→ EXERCISE:
An exact copy of the lines of the listing below between the "Honeywell Bluetooth Enabled" line and the "Garry The Gorilla" line, both included, is the whole answer; please omit the pictures.

→ EXERCISE INPUTS:
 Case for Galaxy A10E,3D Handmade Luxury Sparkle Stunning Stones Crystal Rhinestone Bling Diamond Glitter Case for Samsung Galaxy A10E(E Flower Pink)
---
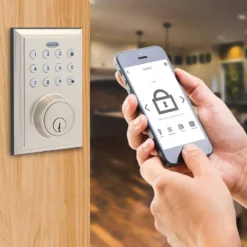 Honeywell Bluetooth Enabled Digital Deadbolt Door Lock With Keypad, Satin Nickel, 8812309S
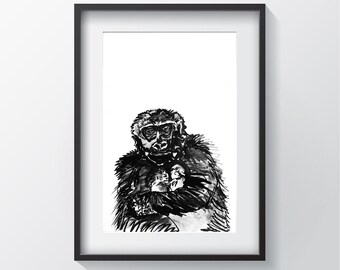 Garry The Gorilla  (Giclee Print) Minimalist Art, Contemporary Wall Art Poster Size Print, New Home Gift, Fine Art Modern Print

→ ANSWER AREA:
 Honeywell Bluetooth Enabled Digital Deadbolt Door Lock With Keypad, Satin Nickel, 8812309S
 Garry The Gorilla  (Giclee Print) Minimalist Art, Contemporary Wall Art Poster Size Print, New Home Gift, Fine Art Modern Print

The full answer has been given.